DOA Estimation for Non-Gaussian Signals: Three-Level Nested Array and a Successive SS-MUSIC Algorithm

Sha Shi,^1,2Haowei Zeng,^1,2Heng Yue,^1,2Changbo Ye,^1,2and Jianfeng Li^1,2

Academic Editor: Xianpeng Wang

Received14 Dec 2021

Revised28 Feb 2022

Accepted11 Mar 2022

Published07 Apr 2022

Abstract

Direction of arrival (DOA) estimation for non-Gaussian signals using three-level nested array (THL-NA) is investigated in this paper. Motivation from larger consecutive degree of freedom (DOF) and array aperture, the THL-NA is proposed, which can take full advantages of the consecutive coarrays of TL-NA and has the closed-form expression of DOF. Specifically, firstly, the array aperture is expanded by the second order sum coarray (2-SC) of the proposed array, secondly, the nested relationship between subarrays is employed to obtain the difference coarray of 2-SC (2-DCSC), finally, a consecutive virtual array with large array aperture is obtained. Besides, a successive SS-MUSIC algorithm is proposed, which employs the spatial smoothing estimating signal parameter via rotational invariance techniques (SS-ESPRIT) algorithm and partial spectrum searching multiple signal classification (PSS-MUSIC) to obtain initial estimations and fine estimations, respectively, resulting in a better balance between computational complexity and estimation accuracy.

1. Introduction

Direction of arrival (DOA) estimation, which is one of the fundamental issues in array signal processing, plays an important role in various fields, e.g., radar systems, acoustics, navigation, and wireless communications [1–3].

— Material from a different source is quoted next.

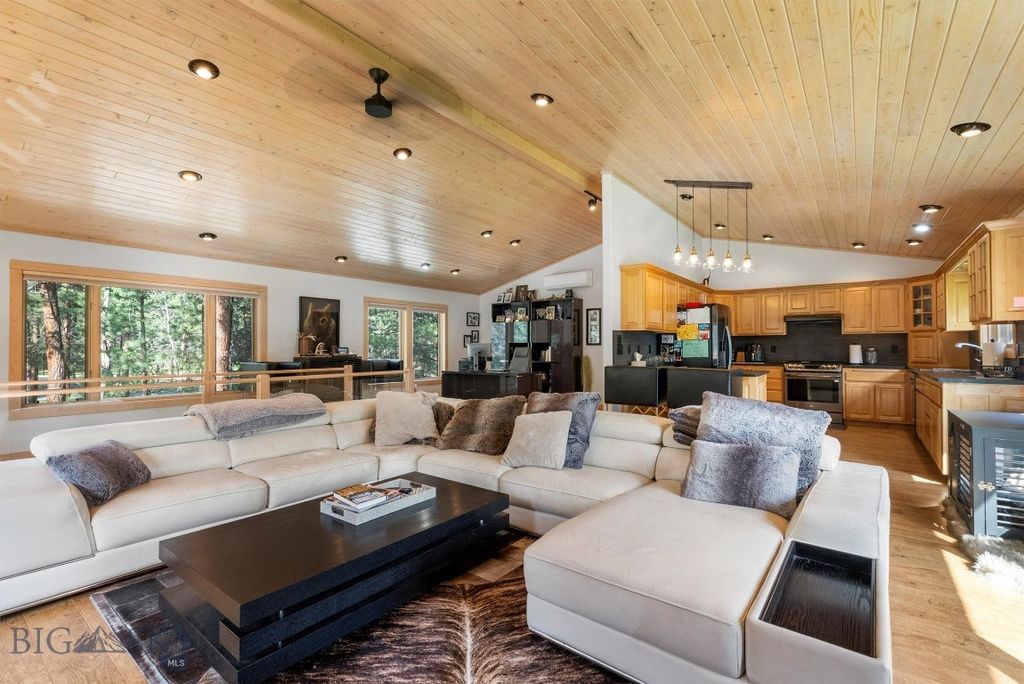 Address unavailable. photo 87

Compared with traditional uniform linear arrays (ULAs), sparse arrays can obtain less mutual coupling and higher degrees of freedom (DOF), which can obtain DOA estimation for signals with more sources. The nested array (NA) [4] is a sparse array composed of two ULAs with different spacings, which has strong expansion capability in DOA estimation algorithms based on FOC. The coprime array (CPA) [5, 6], consisting of two ULAs with coprime interelement spacings, has less mutual coupling compared with NA. These arrays can generate sets of uniformly distributed virtual second order difference coarray (2-DC) [4], in particular, the 2-DC of NA is free from holes. However, these sparse arrays have limitations due to their array geometries. The 2-DC of CPA generates a lot of holes that decrease consecutive DOF significantly, the dense part of NA leads to more serious mutual coupling than CPA.

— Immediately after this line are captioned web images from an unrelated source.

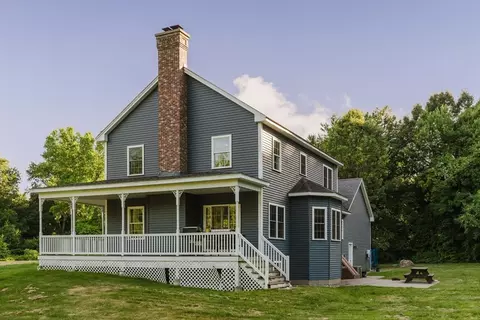 149 Taylor St, Granby, MA 01033 photo 4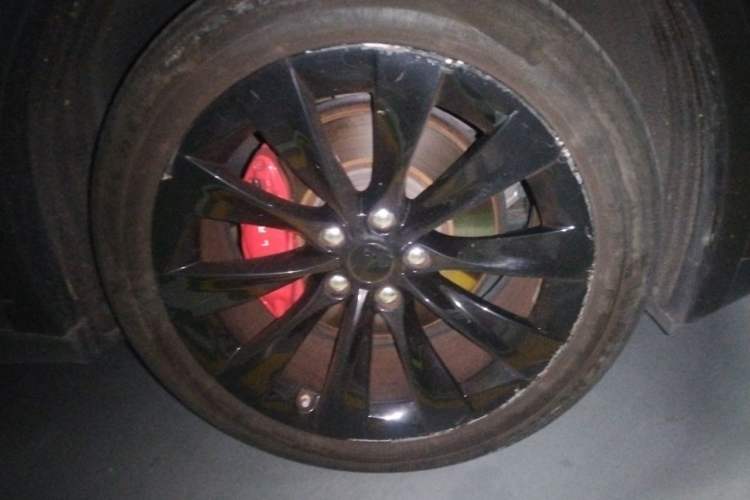 Used Tesla Model X 2020 Performance High-Performance Edition Right Front Wheel Hub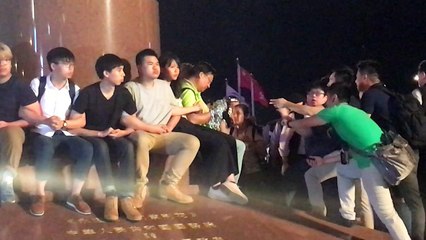 Líder estudantil é detido durante protesto em Hong Kong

Traditional DOA parameter estimation algorithms, such as multiple signal classification (MUSIC) algorithm [7, 8] and estimation of signal parameters via rotational invariance techniques (ESPRIT) algorithm [9, 10], mostly utilize the second order statistical characteristics of the signals. Furthermore, new algorithms have been proposed such as 2D-MUSIC and RD-MUSIC [1]. When the signals obey the Gaussian distribution, they can be described by the first order or second order statistics. However, the situation in practical applications is more complicated, and most sources to be processed are non-Gaussian signals, whose statistical characteristics can be described by fourth order cumulant (FOC) [11, 12], resulting in larger array aperture and better DOA estimation performance, as compared with second order cumulant (SOC). Considering the non-Gaussian signals, DOA estimation methods based on FOC, including MUSIC-LIKE [13, 14] and virtual-ESPRIT algorithm [15], are most exploited. The virtual coarrays utilized by vectorized FOC methods can be obtained from fourth order difference coarray (4-DC) [16] or difference coarray of sum coarray (2-DCSC) [17] operation of physical sensors. The FOC can not only suppress Gaussian white noise or color noise, but effectively expand the length of array apertures. Therefore, the estimation performance of DOA based on FOC is greatly improved.

Combining the designing of sparse array and the exploiting of 4-DC or 2-DCSC, lots of array structures are proposed, such as fourth-level NA (FL-NA) [16], sparse array with fourth order difference coarray enhancement based on CPA (SAFE-CPA) [18]. FL-NA is investigated in detail as a special case of 2q-level NAs when q is equal 2 in reference [16] and SAFE-CPA constructs physical sensors structure by adding another subarray. Regarding the processing of the above sparse array structure, related scholars have proposed a series of FOC estimation algorithms based on spatial smoothing subspace methods [19, 20] such as SS-MUSIC algorithm, SS-ESPRIT algorithm, which provide a theoretical basis for the DOA estimation based on sparse arrays.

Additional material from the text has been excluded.